Difference between revisions of "CddMeeting01082008"

Latest revision as of 02:20, 11 January 2008

1 CDD Meeting, Tuesday, 8.1.2008, 10:00

CDD Meeting, Tuesday, 8.1.2008, 10:00

Next Meeting

Friday, 11.1.2008, 10:00

Tasks

Add filters and tags for extracted, manual tests and automated tests
Fix extraction for tuples -> DONE
Look at/fix test case execution for agents (Stefan)
CDD log window in IDE (Arno)
"New manual test case" Button (Arno)
Better Icons for GUI (Arno)
- http://www.famfamfam.com/lab/icons/silk/
- http://tango.freedesktop.org/Tango_Icon_Library
Status / Progress bar (Arno)
Port to 6.1 (?, probably only after Beta 1)
Manual re-run to find true prestate (Jocelyn, Stefan)
Logging (Stefan)
- What data to log?
- Implement storing
- Define how students should submit logs
Data Gathering (Stefan)
- Define what data to gather
- Define how to process gather data
Forumulate Experiment Hypothesis (Andreas)
Define Project for SoftEng (Manu)
- Find System level test suite for us to test students code
- Find project with pure functional part
"Execute visible test cases only" Button (?)
Restore open nodes and selection after grid update (Arno)
- Maybe better/easier solved via incremental updates from tree
Automate CDD System level tests (Stefan)
Install CDD in student labs (Manu)
Pause test execution and compilation during regular compilation and execution (Arno)
Add most important convenience routine to CDD_TEST_CASE (Stefan)
Add failure context window (Arno)
- Maybe also additional information such as previous outcomes?
Check why Gobo slows down compilation of project not using gobo when melting (performance issue for compiling interpreter)
Fix AutoTest for courses
- Integrate AUT_TEST_CASE into CDD_TEST_CASE hierarchy
- Variable declaration for failing test cases
- New release
Move logs below cdd_tests
Environment variable (or better user preference) for qualifying class names (to avoid svn conflicts)
Uniqe id to tag test cases with. To be used in logs. So test logs are resiliant to test class renamings
While extracting test cases, flag objects that are target to a currently executing routine
During setup check inv of all objects that are not flaged

Software Engineering Project

One large project, but divided into testable subcomponents
Students required to write test cases
Fixed API to make things uniformly testable
Public/Secret test cases (similar to Zeller course)
Competitions:
- Group A test cases applied to Group A project
- Group A test cases applied to Groupt B project

Data to harvest

IDE Time with CDD(extraction) enabled / IDE Time with CDD(extraction) disabled
Test Case Source (just final version, or all versions?)
- Use Profiler to get coverage approximation
TC Meta Data (with timestamps -> Evolution of Test Case)
- TC Added/Removed
- TC Outcome (transitions from FAIL/PASS/UNRESOLVED[bad_communication <-> does_not_compile <-> bad_input])
- TC execution time
- Modificiations to a testcase (compiler needs to recompile)
Development Session Data
- IDE Startup
- File save
Questionnairs
- Initial
- Final

Experiment Hypotheses

Use of CDD increases development productivity

Did the use of testing decrease development time?
This can be meassured by either looking at
- Number of compilations
- Number of saves
- Number of revisions
- IDE time
- Asking the students

None of the above strikes me as particualry reliable though. Also, it is easy to develop quickly if you do a bad job. In order to compare apples to apples we must be careful to compare projects with a similar correcntess and completeness. We could use an external test suite to assess correctness, or the grade of the students.

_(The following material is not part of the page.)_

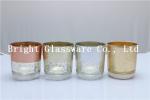 prefect design electroplated rose gold glass candle holder
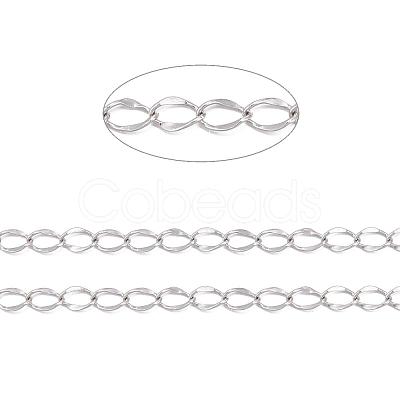 Tarnish Resistant 304 Stainless Steel Curb Chains CHS-L001-56-0.3mm-1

Use of CDD increases code correctness

Is there a relation between code correctness of project (vs. some system level test suite) and test activity?

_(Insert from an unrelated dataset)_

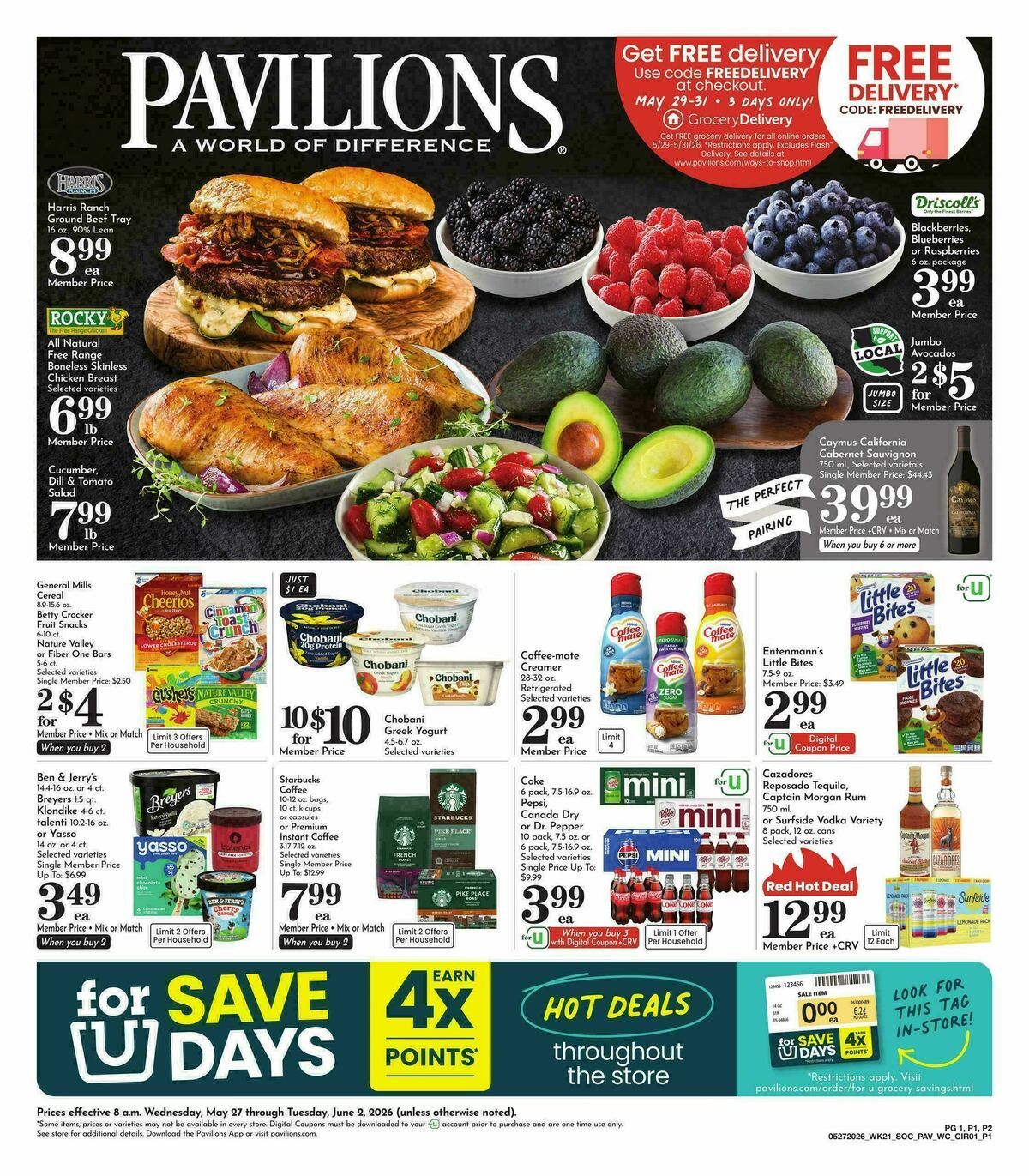 Pavilions Weekly Ad from May 27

Measures for test activity:

number of tests
number of times test were run
Number of pass/fail, fail/pass transitions

Developer Profile

How did students use the testing tools.
Are ther clusters of similar use?
What is charactersitic for these clusters?
Meassures:
- Aksing students before and after
- Are there projects where tests initially always fail resp. pass
- How often do they test?
- How correct is their project?

I am not completely sure yet what to assess here.

How do extracted, synthesized and manually written test cases compare?

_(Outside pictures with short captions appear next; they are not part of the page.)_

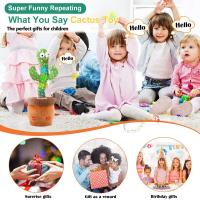 Juguete Electrónico De Espinilla Que Canturrea Y Danza Juguete De Peluche Educativo Para Niños Regalo De Cumpleaños Y Navidad - details 8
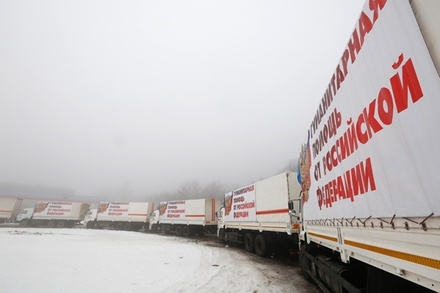 В Луганске и Донецке началась разгрузка гуманитарной помощи из России
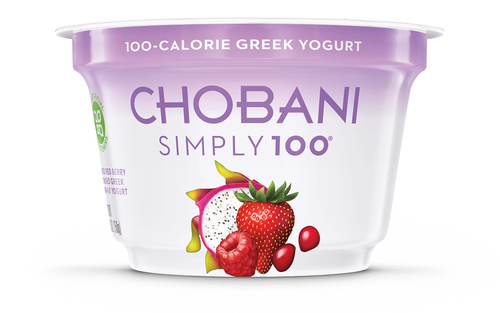 slide 1 of 1, Chobani Yogurt, Greek, Non-Fat, Mixed Red Berry Blended, 5.3 oz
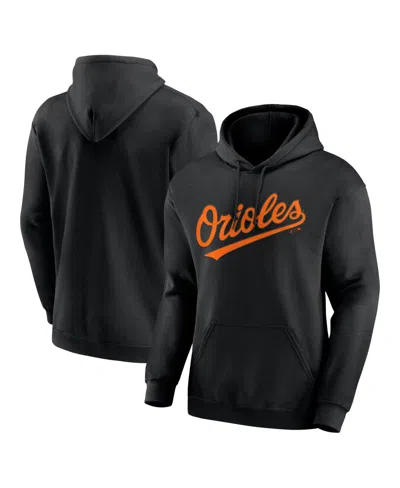 Logo Athletic Black Baltimore Orioles Wordmark Hoodie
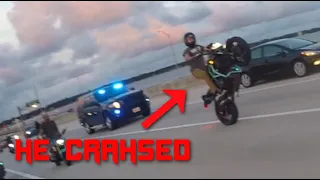 Biker CRASHES While RUNNING From The POLICE - Bikes VS Cops #56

Which tests are the most useful to students?
How many tests are there in each category?
What's the test suite quality of each category?
Were some excluded from testing more often than others?
How many red/green and green/red transitions are there in each category?
Which had compile-time errors most often that did not get fixed?

Retrieved from "https://dev.eiffel.com/index.php?title=CddMeeting01082008&oldid=10274"

Category:

@@ Line 6: / Line 6: @@
 == Tasks ==
 * Add filters and tags for extracted, manual tests and automated tests
-* Fix extraction for tuples -> DONE, but needs testing, there are probably still problems with agents, but it's not certain if related to tuples or extraction (Stefan)
+* Fix extraction for tuples -> DONE
 * Look at/fix test case execution for agents (Stefan)
-* Add non-commited test cases (Stefan)
 * CDD log window in IDE (Arno)
 * "New manual test case" Button (Arno)
@@ Line 45: / Line 44: @@
 * Environment variable (or better user preference) for qualifying class names (to avoid svn conflicts)
 * Uniqe id to tag test cases with. To be used in logs. So test logs are resiliant to test class renamings
+* While extracting test cases, flag objects that are target to a currently executing routine
+* During setup check inv of all objects that are not flaged
 == Software Engineering Project ==
@@ Line 59: / Line 58: @@
 == Data to harvest ==
+* IDE Time with CDD(extraction) enabled / IDE Time with CDD(extraction) disabled
 * Test Case Source (just final version, or all versions?)
 ** Use Profiler to get coverage approximation
-* TC Meta Data (with timestamps)
+* TC Meta Data (with timestamps -> Evolution of Test Case)
 ** TC Added/Removed
-** TC Outcome
+** TC Outcome (transitions from FAIL/PASS/UNRESOLVED[bad_communication <-> does_not_compile <-> bad_input])
 ** TC execution time
+** Modificiations to a testcase (compiler needs to recompile)
 * Development Session Data
 ** IDE Startup
@@ Line 74: / Line 75: @@
 ==Experiment Hypotheses==
-===CDD makes development easier/more productive===
+===Use of CDD increases development productivity===
-===CDD makes more correct code===
+* Did the use of testing decrease development time?
-===Profile of students (dev a, deb b style comparison)===
+* This can be meassured by either looking at
-===Given 3 kinds of test. what actually gets used and how effective is it?===
+** Number of compilations
+** Number of saves
+** Number of revisions
+** IDE time
+** Asking the students
+None of the above strikes me as particualry reliable though. Also, it is easy to develop quickly if you do a bad job.
+In order to compare apples to apples we must be careful to compare projects with a similar correcntess and completeness. We could use an external test suite to assess correctness, or the grade of the students.
+===Use of CDD increases code correctness===
+* Is there a relation between code correctness of project (vs. some system level test suite) and test activity?
+Measures for test activity:
+* number of tests
+* number of times test were run
+* Number of pass/fail, fail/pass transitions
+===Developer Profile===
+* How did students use the testing tools.
+* Are ther clusters of similar use?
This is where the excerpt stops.